───── Data provided ─────
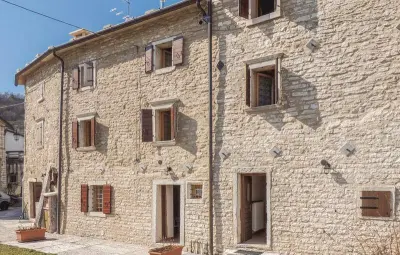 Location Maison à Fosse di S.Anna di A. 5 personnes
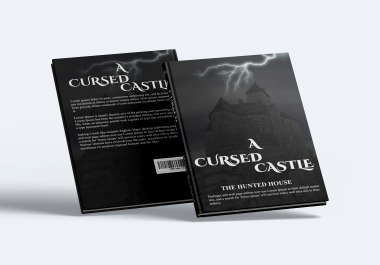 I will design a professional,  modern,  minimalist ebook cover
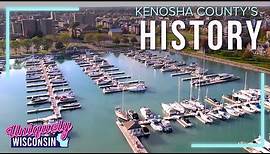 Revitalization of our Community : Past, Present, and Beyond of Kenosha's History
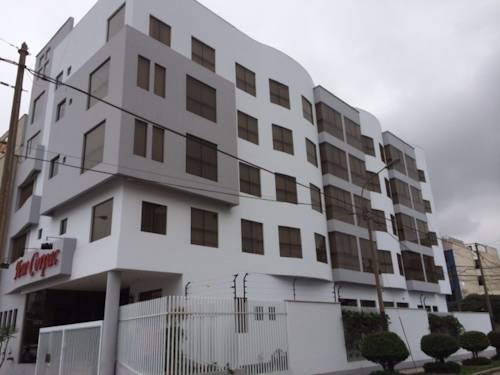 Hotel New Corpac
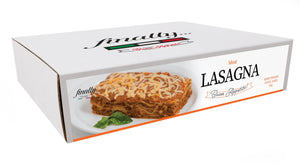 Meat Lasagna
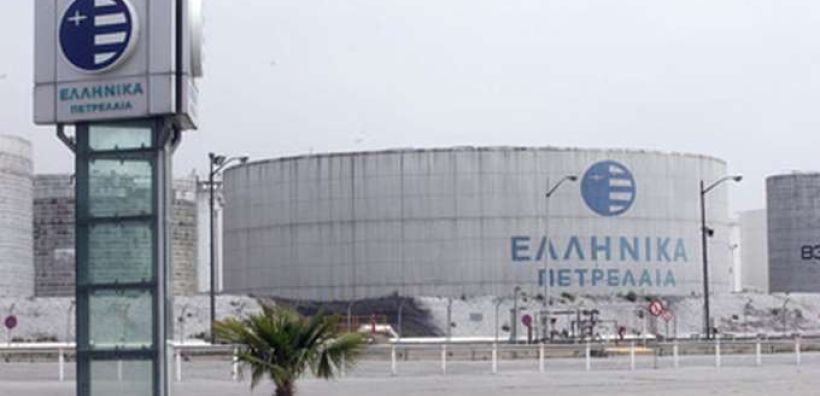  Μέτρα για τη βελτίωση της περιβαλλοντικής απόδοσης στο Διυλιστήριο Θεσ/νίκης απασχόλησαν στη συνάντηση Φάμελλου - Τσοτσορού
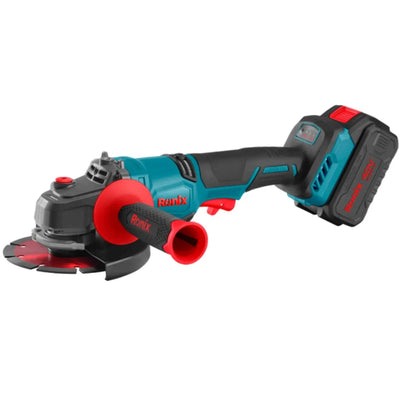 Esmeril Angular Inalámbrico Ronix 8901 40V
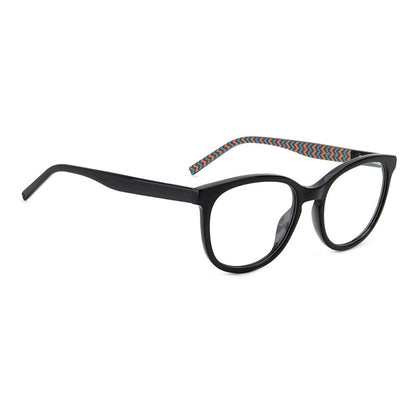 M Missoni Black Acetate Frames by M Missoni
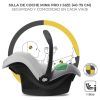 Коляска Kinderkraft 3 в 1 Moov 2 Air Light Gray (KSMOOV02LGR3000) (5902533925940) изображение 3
─────
───── Data provided ─────
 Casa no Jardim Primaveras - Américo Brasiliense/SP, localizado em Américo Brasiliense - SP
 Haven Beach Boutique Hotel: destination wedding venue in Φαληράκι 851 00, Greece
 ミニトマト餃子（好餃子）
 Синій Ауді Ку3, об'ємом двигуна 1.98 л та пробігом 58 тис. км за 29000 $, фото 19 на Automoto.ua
─────
───── Data provided ─────
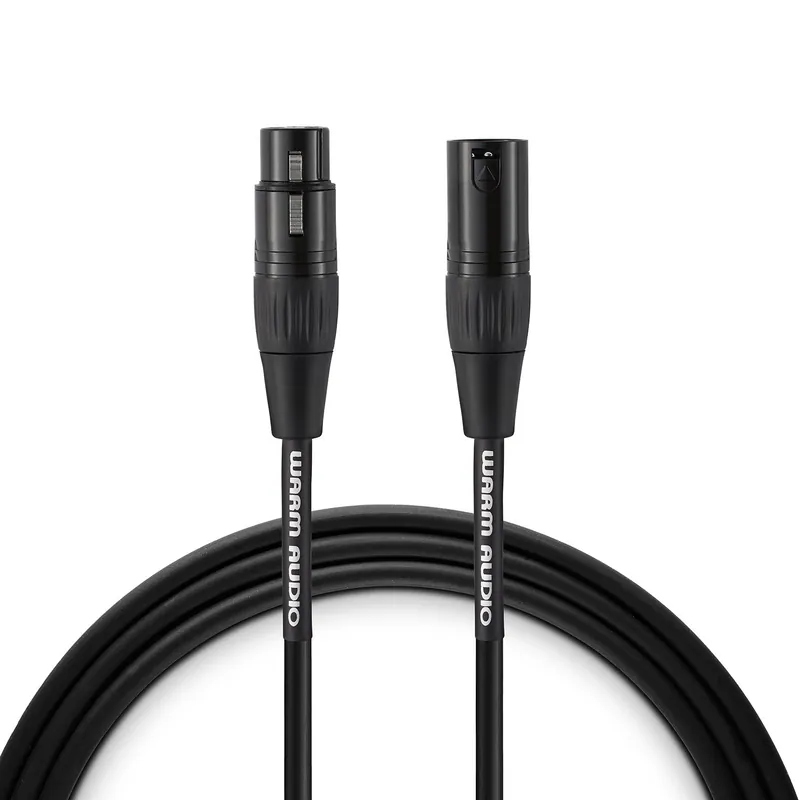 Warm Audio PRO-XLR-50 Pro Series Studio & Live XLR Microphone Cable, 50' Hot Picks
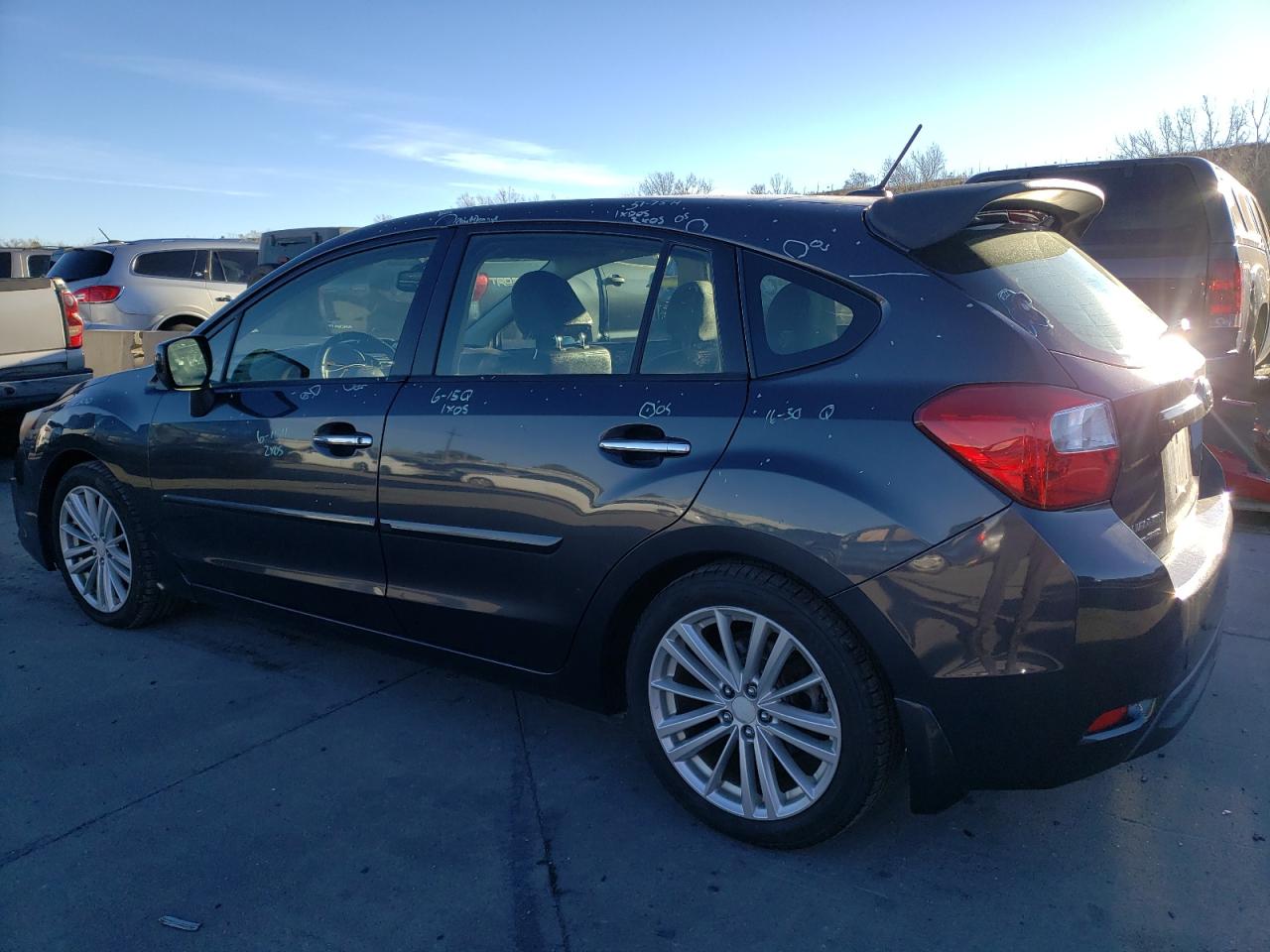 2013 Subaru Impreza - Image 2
─────
• **Task instructions**
Transcribe, word for word, the stretch of lines in the data above from the one with "Hotel New Corpac" through the one with "Коляска Kinderkraft 3"; omit all pictures.

• **Exercise output**
 Hotel New Corpac
 Meat Lasagna
  Μέτρα για τη βελτίωση της περιβαλλοντικής απόδοσης στο Διυλιστήριο Θεσ/νίκης απασχόλησαν στη συνάντηση Φάμελλου - Τσοτσορού
 Esmeril Angular Inalámbrico Ronix 8901 40V
 M Missoni Black Acetate Frames by M Missoni
 Коляска Kinderkraft 3 в 1 Moov 2 Air Light Gray (KSMOOV02LGR3000) (5902533925940) изображение 3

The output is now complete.